10. The question of whether any pre-Independence Papuan is granted Australian citizenship is a matter entirely for the Government of the Commonwealth of Australia.


(c) Pre-Independence Papuans have not renounced their Australian citizenship

11. This might or might not be the case. It does not matter. The renunciation of Australian citizenship by any pre-Independence Papuan will only be significant if the person had Australian citizenship in the first place. It appears that Mr Ikowari does not have Australian citizenship, so the fact that he has not renounced it is irrelevant.


12. The fact that a pre-Independence Papuan has not renounced his or her Australian citizenship will only be relevant if in a particular case the person actually had Australian citizenship.


(d) Pre-Independence Papuans have “real foreign citizenship” under Section 64 of the Constitution

13. The plaintiffs argue that because pre-Independence Papuans are actually Australian citizens, they have “real foreign citizenship” and are not, by virtue of Section 64 of the Constitution, Papua New Guinea citizens.


14. Section 64 (dual citizenship) states:


(1) Except as provided by this section, no person who has a real foreign citizenship shall be or become a citizen.


(2) A citizen may apply to the Minister responsible for citizenship matters to hold citizenship of a prescribed country whilst holding Papua New Guinean citizenship, and the Minister may, if he is satisfied as to the matters referred to in Subsection (4), in his deliberate judgment (but subject to Division 4 (Citizenship Advisory Committee)), grant or refuse the application.


(3) A citizen of a prescribed country who would otherwise be qualified to be a citizen under Sections 65, 66 or 67, of the Constitution may apply to the minister responsible for citizenship matters to be a citizen, and the Minister may, if he is satisfied as to the matters referred to in Subsection (6), in his deliberate judgment (but subject to Division 4 (Citizenship Advisory Committee)), grant or refuse the application.


(4) To be eligible to hold citizenship of a prescribed country whilst holding Papua New Guinean citizenship under Subsection (2) —


(a) the citizen must demonstrate that a prescribed country will grant him citizenship; and

(b) the reasons why he wants to be a citizen of a prescribed country.

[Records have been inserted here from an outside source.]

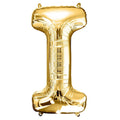 Buy Giant Letter I Gold Mylar Balloon 40in for only $3.99 by[product_brand]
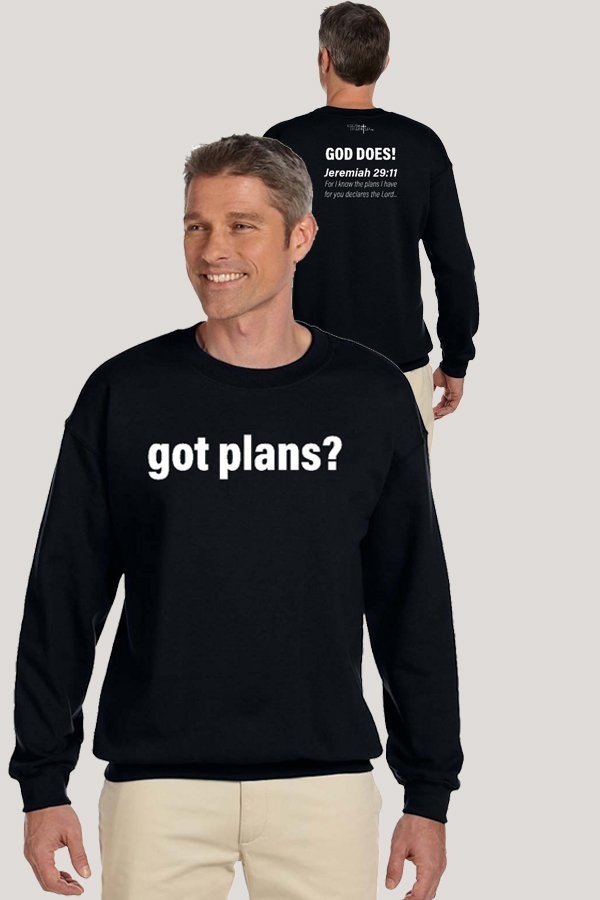 Nekoda Unlimited "Got Plans" Unisex Sweatshirt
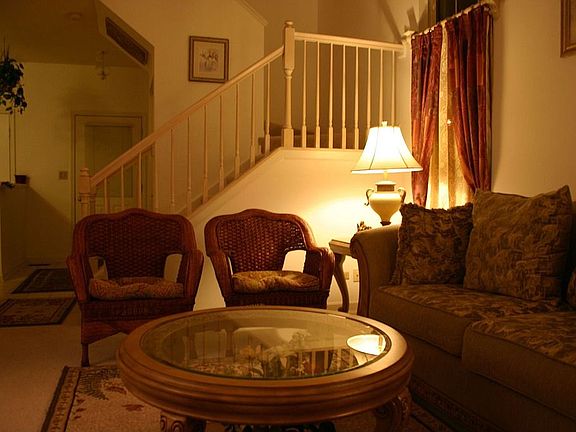 Main enterance & stairs view from living room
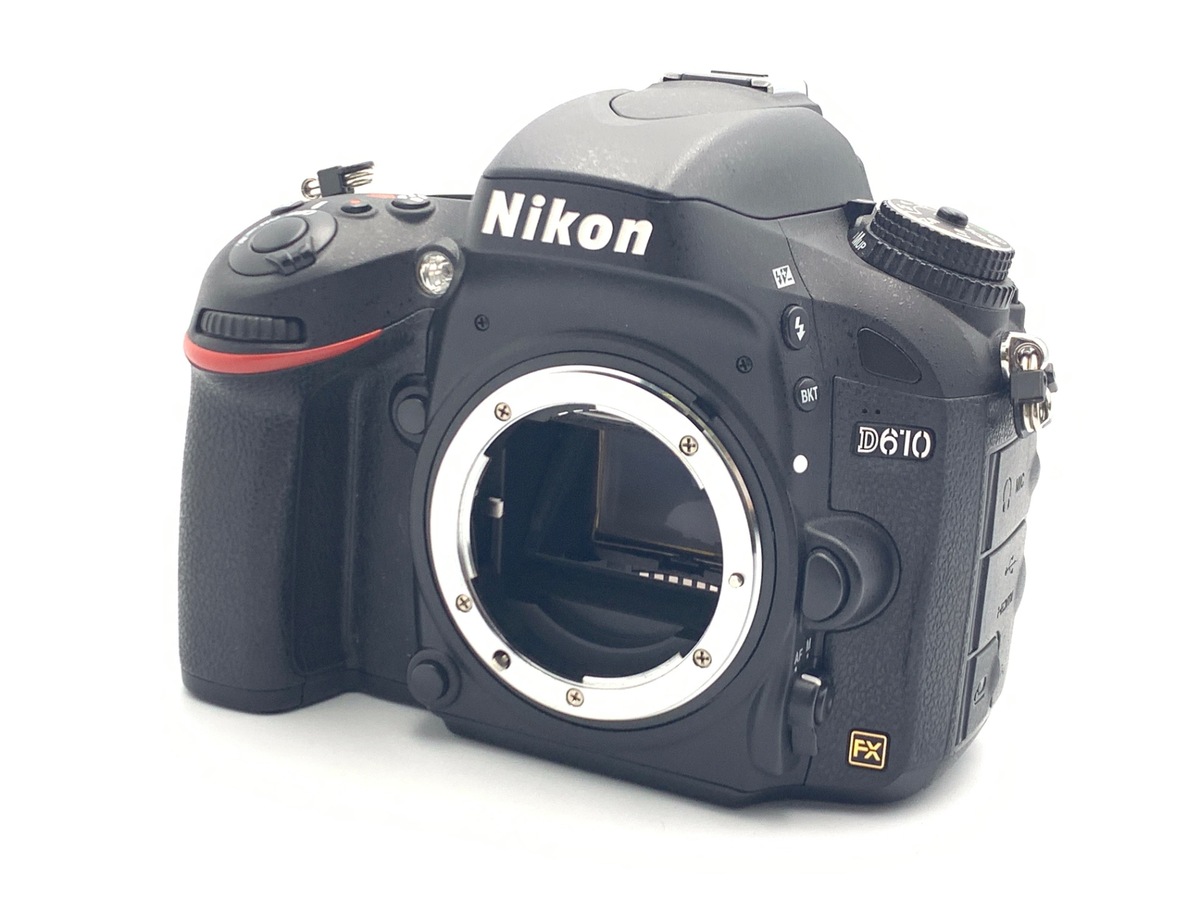 中古：B(並品)】ニコン D610 ボディ | 2443801712211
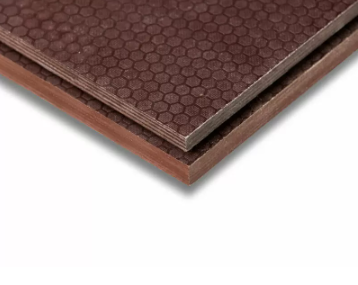  Фанера ФСФ 2440-1220-21мм ламинированная HEXA коричневая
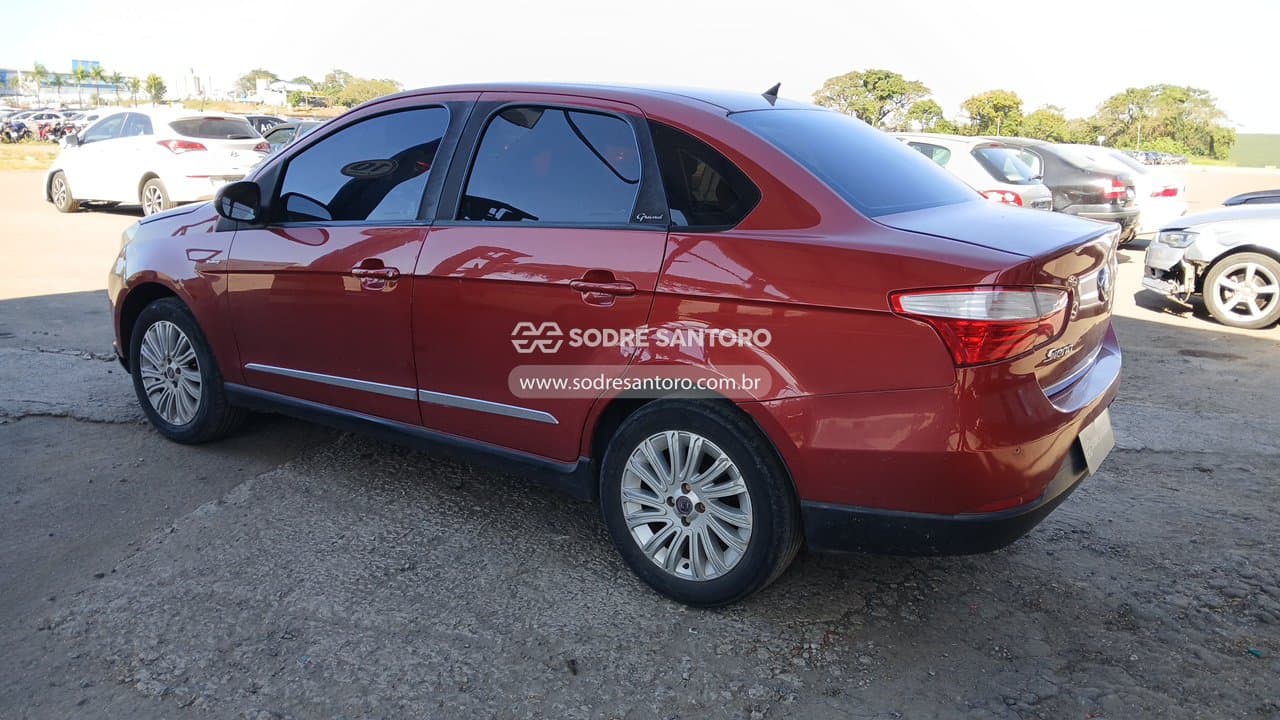 Fiat Siena Essenc 1.6 Dl 2013 — foto 2
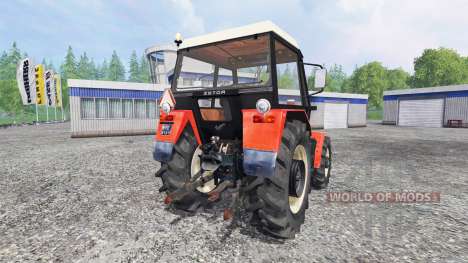 Zetor 7745 FL pour Farming Simulator 2015
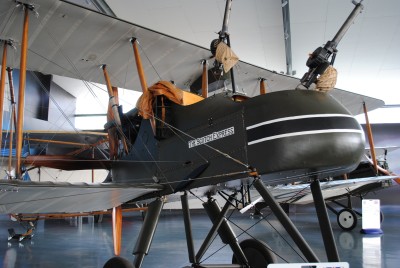 The Be2 (Bleriot Experimental) Aircraft.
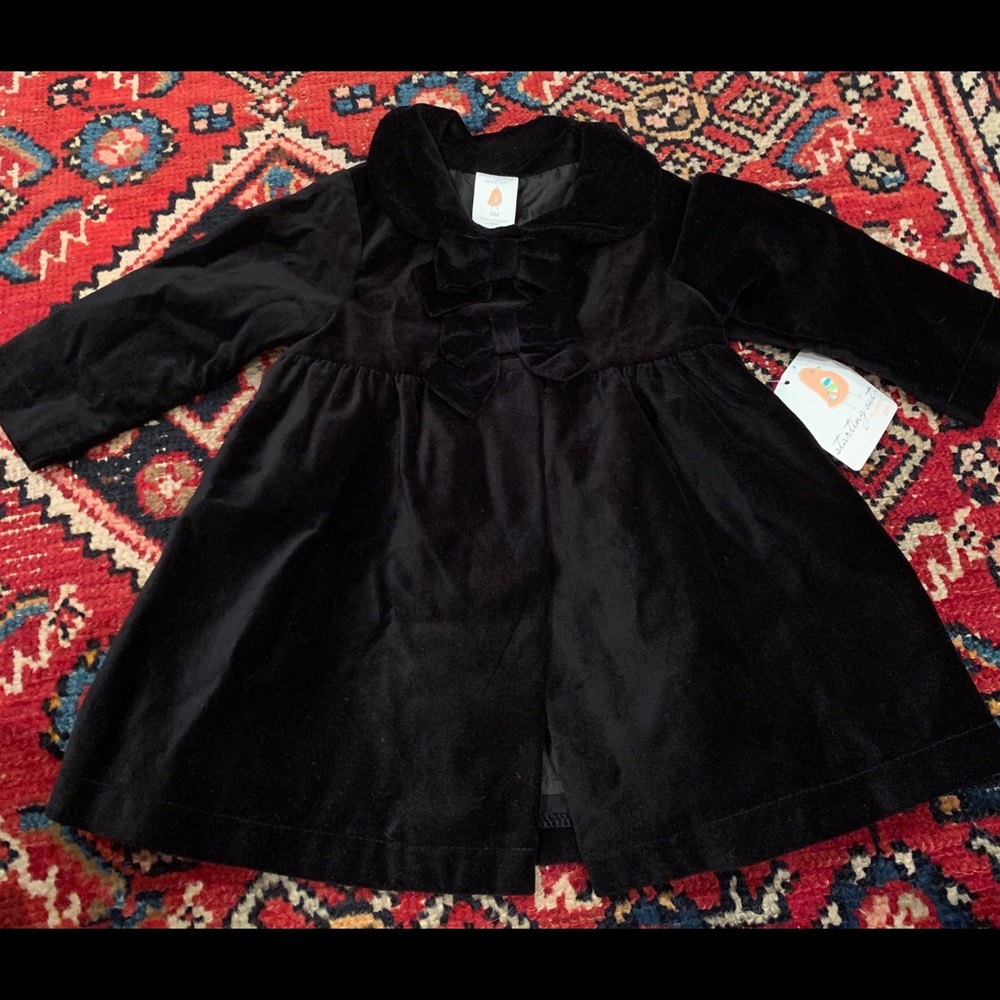 Starting out velour jacket size 9 months NWT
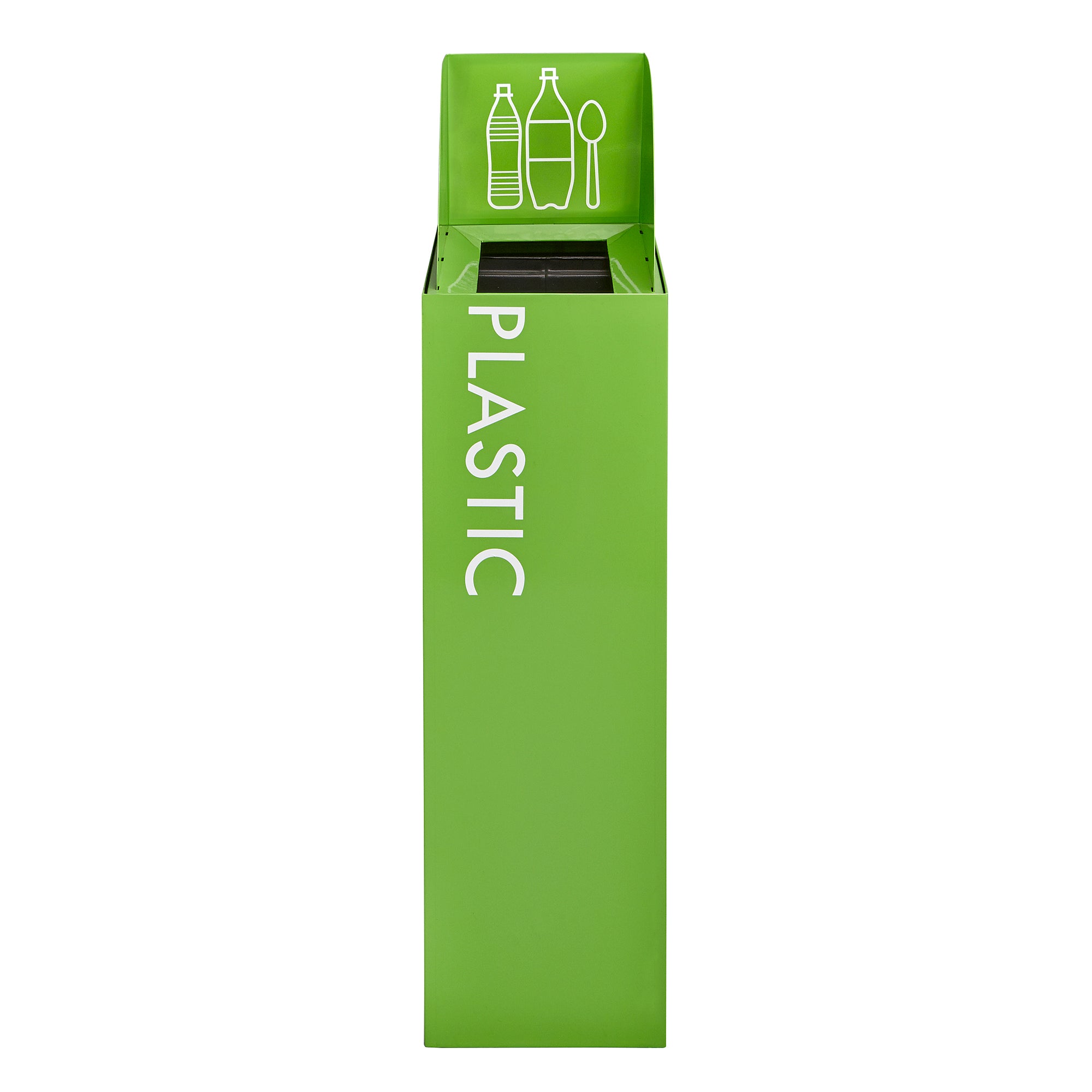 Recycling Center Rectangle Can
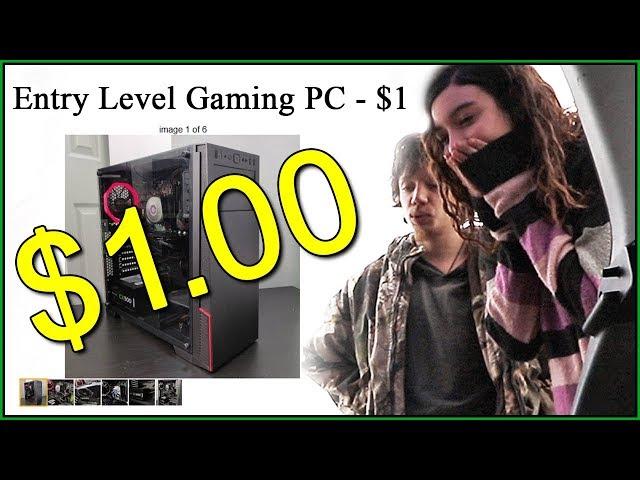 The $1 Gaming PC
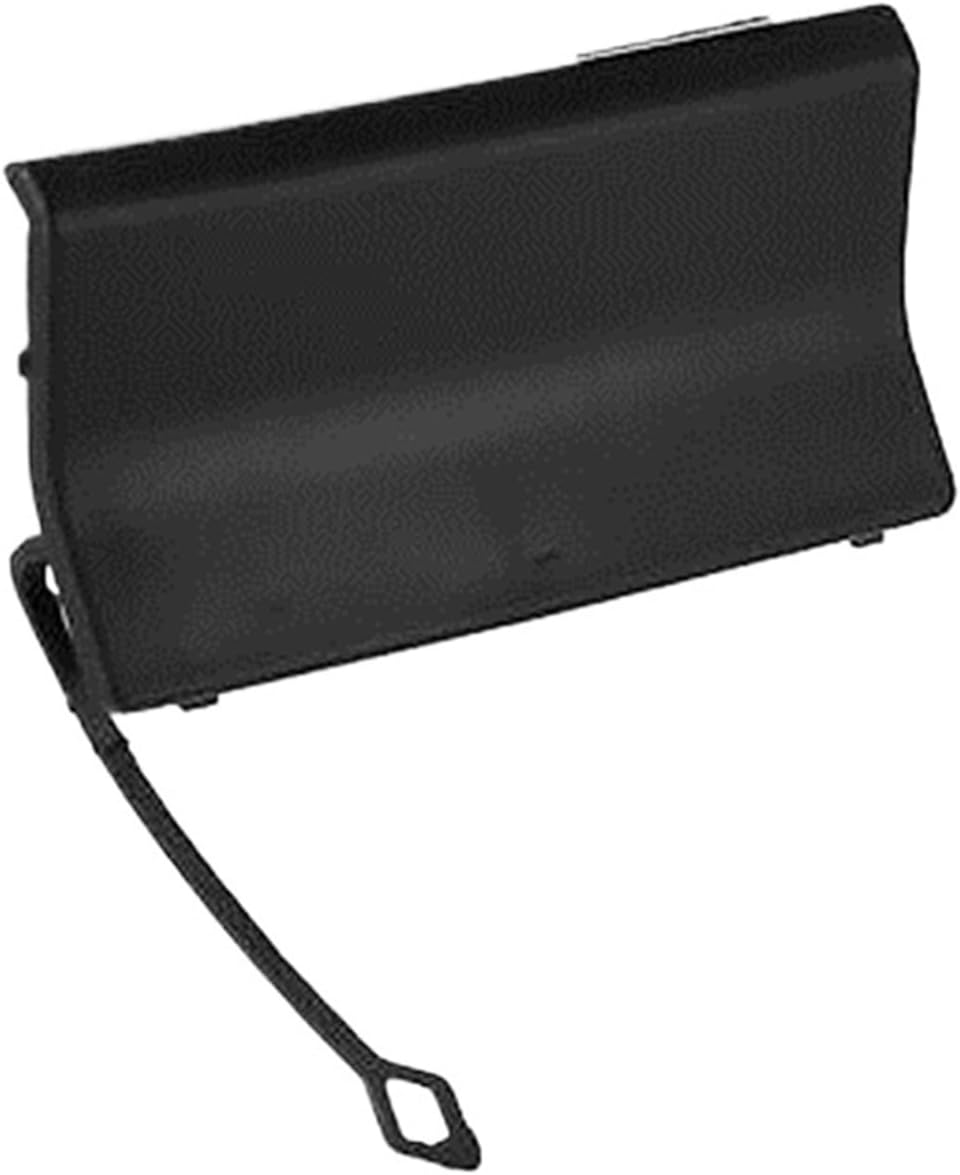 Car Rear Bumper Tow Hook Cover Cap A2048850226 Fit for W204 2008-2011 Black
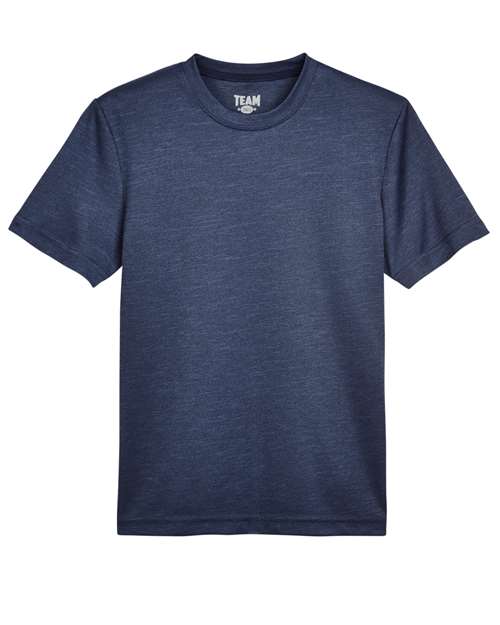 Team 365 Youth Sonic Heather Performance T-Shirt TT11HY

(5) To be eligible to be a citizen under Subsection (3) —


(a) a person must be qualified to be a citizen —


(i) under Section 65 (automatic citizenship); or

(ii) under Section 66 (citizenship by descent); or

(iii) under Section 67 citizenship by naturalization; and


(b) the person must specify the reasons why he wants to be a citizen of Papua New Guinea while still holding the citizenship of the prescribed country.


(6) An Act of Parliament may make provisions on matters that the Minister should, or should not take into account under Subsections (2), (3), (4) and (5).


(7) Constitutional regulations shall prescribe the countries to which persons will be permitted to hold citizenship under this section.


(8) The Minister responsible for citizenship matters may, in his deliberate judgment, (but subject to Division 4 (Citizenship Advisory Committee), recall and cancel an approval given under Subsections (4) and (5) if, at any time after granting of approval, circumstances exist —


(a) which were not known at the time; or

(b) which are new as a result of change occurring since approval was given,


that if these were known or existed at the time approval was granted, approval would not have been granted.


(9) Subsection (1) does not apply to a person who has not yet reached the age of 19 years, provided that, before he reaches that age and in such manner as is prescribed by or under an Act of the Parliament, he renounces his other citizenship and makes the Declaration of Loyalty.


(10) A person who has a real foreign citizenship and fails to comply with Subsection (2) ceases to be a citizen of Papua new Guinea when he reaches the age of 19 years.


(11) For the purposes of this section, a person who —


(a) was, immediately before Independence Day, an Australian citizen or an Australian Protected Person by virtue of —


(i) birth in the former Territory of Papua; or

(ii) birth in the former Territory of New Guinea and registration under Section 11 of the Australian Citizenship Act 1948 - 1975 of Australia; and

(b) was never granted a right (whether revocable or not) to permanent residence in Australia,


has no real foreign citizenship.


15. The plaintiffs rely on two provisions of Section 64. First, Section 64(1). It provides that if a person has “real foreign citizenship” he or she cannot (unless dual citizenship is permitted in a particular case) be or become a Papua New Guinea citizen. The plaintiffs argue that pre-Independence Papuans are Australian citizens, so they have real foreign citizenship and therefore are not Papua New Guinea citizens.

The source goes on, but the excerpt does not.